▶ **ABOUT THIS EXERCISE**:
Among the records that follow, find the line with "Item preview, Holland" and the line with "JEEP CHEROKEE L". Set down those lines and all lines between them exactly, without adding anything.

▶ **RECORDS FOR THE EXERCISE**:
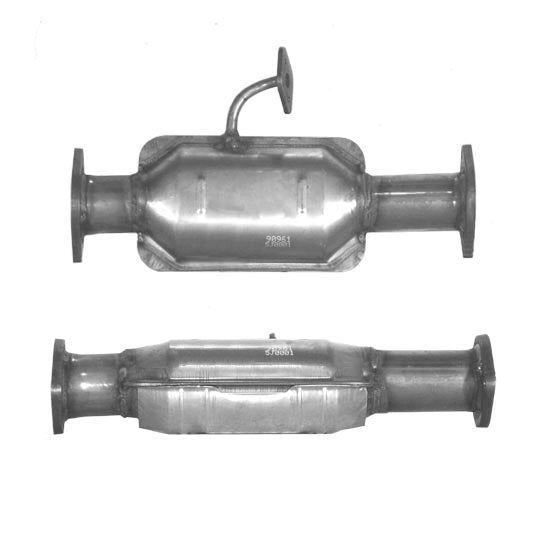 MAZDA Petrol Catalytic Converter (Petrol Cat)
...
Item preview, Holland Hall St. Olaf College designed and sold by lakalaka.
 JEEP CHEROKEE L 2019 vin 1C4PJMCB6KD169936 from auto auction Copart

▶ **YOUR SOLUTION**:
Item preview, Holland Hall St. Olaf College designed and sold by lakalaka.
 JEEP CHEROKEE L 2019 vin 1C4PJMCB6KD169936 from auto auction Copart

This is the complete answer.